После успеха кинофильма «Городской ковбой», ночные клубы променяли зеркальные диско-шары на механических быков[5]. Место самого диско в их репертуаре заняли мелодии вроде «Cotton-Eyed Joe»[4]. Танцам в стиле тустеп / лайн-дэнс под эту композицию бары посвящали целые вечера[6]. Также её часто записывали артисты и в итоге она послужила для нового тренда своеобразным лейтмотивом[7]. Сапоги, синие джинсы и ковбойские наряды в то время превратились в последний писк моды[4]. Популярность фильма обеспечила прорыв в карьерах снявшихся и прозвучавших в нём исполнителей Мики Гилли и Джонни Ли, породив в США общенациональный ажиотаж вокруг музыки кантри[4]. Саундтрек картины, включавший помимо работ Гилли, Ли и Чарли Дэниелса песни рок-музыкантов с кантри-влияниями (таких как The Eagles, Линда Ронстадт и Бонни Рэйтт), стал платиновым, а сольная пластинка Ли под названием Lookin’ for Love (1980) получила золотой статус[4]. На Мьюзик-Роу решили удовлетворить этот неожиданный спрос и создать кантри-звучание, привлекательное для самой широкой публики[8].
Пик
Результатом популярности фильма стал почти полный отказ кантри-индустрии от южных, рабочих и сельских традиций жанра в пользу исполнителей, пригодных для поп-формата Adult Contemporary — Джейни Фрики, Сильвии, Рэйзи Бейли, Эрла Томаса Конли, Ти Джи Шеппарда и других восходящих звёзд того времени[4]. В итоге последовала серия однотипных релизов, копировавших танцевальное и ориентированное на горожан звучание саундтрека картины, также получивших обобщённое название «городской ковбой»[9]. Все перечисленные музыканты сумели тогда выпустить синглы № 1, а у Сильвии и Фрики была короткая череда золотых и платиновых альбомов[4]. Такие артисты как Кенни Роджерс, Долли Партон, Барбара Мандрелл и Кристал Гейл на волне свежего тренда в начале 1980-х годов тоже смогли записать крупные хиты[3].

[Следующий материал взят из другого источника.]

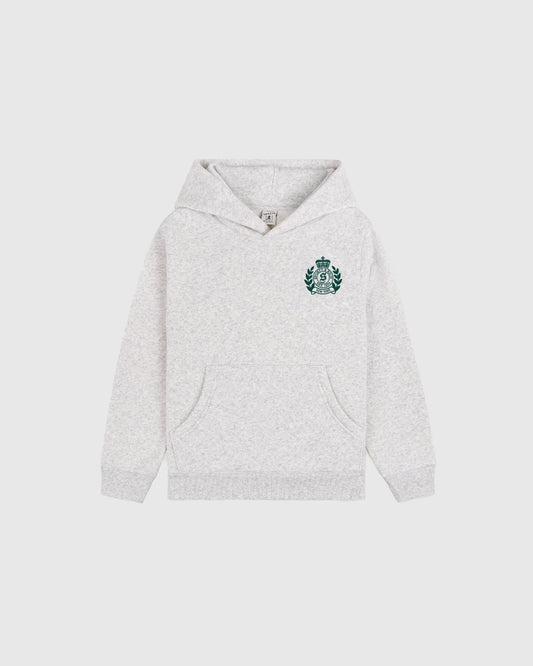 H&W Crest Kids Hoodie Heather Gray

Популярность новой стилистики обеспечила музыке кантри период наибольшего на тот момент кросс-жанрового успеха[9]. Её продажи в 1980 году по сравнению с 1979-м подскочили на 24 %[3]. Доля на рынке выросла с 10 % в конце 1970-х годов до 15 % к 1982 году[6]. Вдобавок тренд «городского ковбоя» возродил в мейнстриме кантри моду на одежду в стиле вестерн[10]. В отличие от возникшего позднее скромного и элегантного имиджа новых традиционалистов, в этих нарядах преобладал полиэстер и образ нацеленный на массовую аудиторию по аналогии с фильмом[10]. Параллельно «городской ковбой» породил очередные дебаты о том, ведёт ли стремление музыки кантри к широкой популярности, особенно за счёт добавления элементов диско и прочих современных течений, к потере её уникальности[11].
Закат
Успех «городского ковбоя» оказался скоротечным[12]. Выродившись со временем в неудачный гибрид, который не был ни добротным кантри, ни качественной поп-музыкой, он в итоге не удовлетворял поклонников ни того, ни другого[4]. Случайная публика, которая бросала новые тренды столь же быстро как и подхватывала, тоже схлынула по мере перенасыщения рынка[5]. К 1983 году продажи кантри вернулись на уровень конца 1970-х, а ещё через пару лет журнал Variety на своей обложке уже констатировал их обвал, написав, что «городскому ковбою» точно пришёл конец[4]. Аналогичные материалы опубликовали издания The New York Times и The Times, и многие заговорили о крахе всей кантри-индустрии[5]. Последняя однако вышла из положения, устремившись в совершенно иную сторону — к середине 1980-х годов на смену «городскому ковбою» развилось движение новых традиционалистов во главе с такими артистами как Рики Скэггс, Джордж Стрейт и Рэнди Трэвис[4].